Però nel caso del Comune di Trodena (Bolzano) che aveva piazzato un box regolarmente segnalato ma in fondo a un filare di alberi presenti a bordo strada, la Cassazione (ordinanza 25392/2017) ha giudicato corretta la valutazione del Tribunale secondo cui una postazione di questo tipo non è ben visibile.

Telelaser e segnaletica
Contraddittorio è il caso del Telelaser quando qualcuno ripesca il principio secondo cui i controlli fissi devono essere presegnalati con cartelli fissi e quelli saltuari con cartelli temporanei (di quelli che si appoggiano sull’asfalto). Principio ampiamente disatteso nella prassi, ma stabilito dal Dm Infrastrutture 282/2017 (che consente le presegnalazioni fisse di controlli non permanenti con apparecchi automatici solo quando gli appostamenti di pattuglie sono programmati nell’ambito di piani coordinati dai prefetti).

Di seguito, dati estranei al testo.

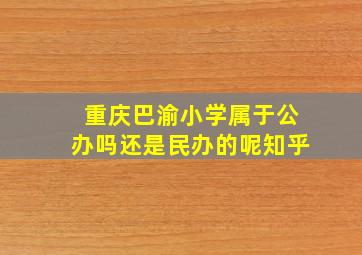 重庆巴渝小学属于公办吗还是民办的呢知乎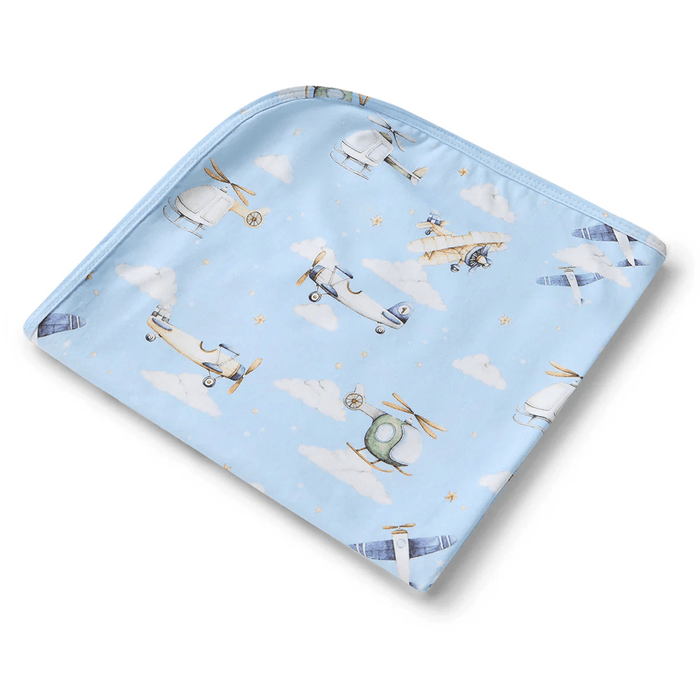 Snuggle Hunny Taking Flight Organic Jersey Wrap & Beanie Set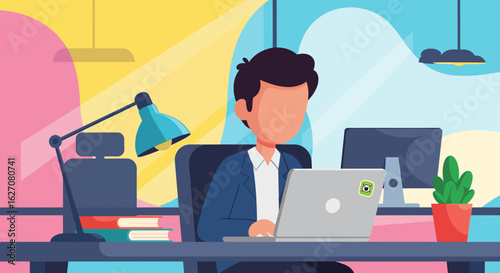 Professional man working remotely on laptop in a modern, vibrant office setting. Ideal for themes of business, technology, education, and digital work.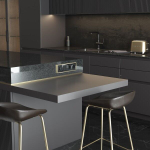 Рамка на 4 поста Baguette (черный/латунь)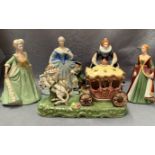 Four Franklin queen figures - Marie Antoinette, Catherine the Great,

La natura temporanea o permanente della postazione, poi, secondo la Cassazione va attestata nel verbale (sentenza 5997/2014) .

Il Tribunale di Ravenna (sentenza 261/2018) ritiene che il principio non valga quando si usa un Telelaser: già il fatto che sia stato usato questo apparecchio implica che il controllo sia di quelli temporanei. Ma ciò poteva essere vero fino a una quindicina di anni fa, quando le pistole laser erano utilizzabili solo così: dal 2003 esistono versioni evolute che possono anche funzionare in automatico in un box.

Peraltro, i vecchi Telelaser di fatto potevano essere usati solo fermando subito il trasgressore. Quelli attuali, proprio per la possibilità di funzionare in automatico che offrono, possono anche essere utilizzati come autovelox: puntano in automatico i veicoli alle loro spalle e la fotocamera che li integra immortala la targa posteriore (in modo da non farsi sfuggire le moto). Questa modalità di funzionamento è stata ritenuta pienamente legittima dal Tribunale di Modena (sentenza 2134/2017).

Obbligo di taratura anche retroattivo
Un altro grande classico è la taratura. Tre anni fa la Corte costituzionale (sentenza 113/2015) ha chiuso la lunga questione stabilendo che è necessaria. Il Tribunale di Ancona (sentenza 213/2018) ha osservato che questa pronuncia non solo è retroattiva, ma spiazza le prassi seguite dai Comuni che avevano affidato le verifiche periodiche agli stessi produttori degli apparecchi: occorrono tarature effettuate da enti accreditati presso Accredia.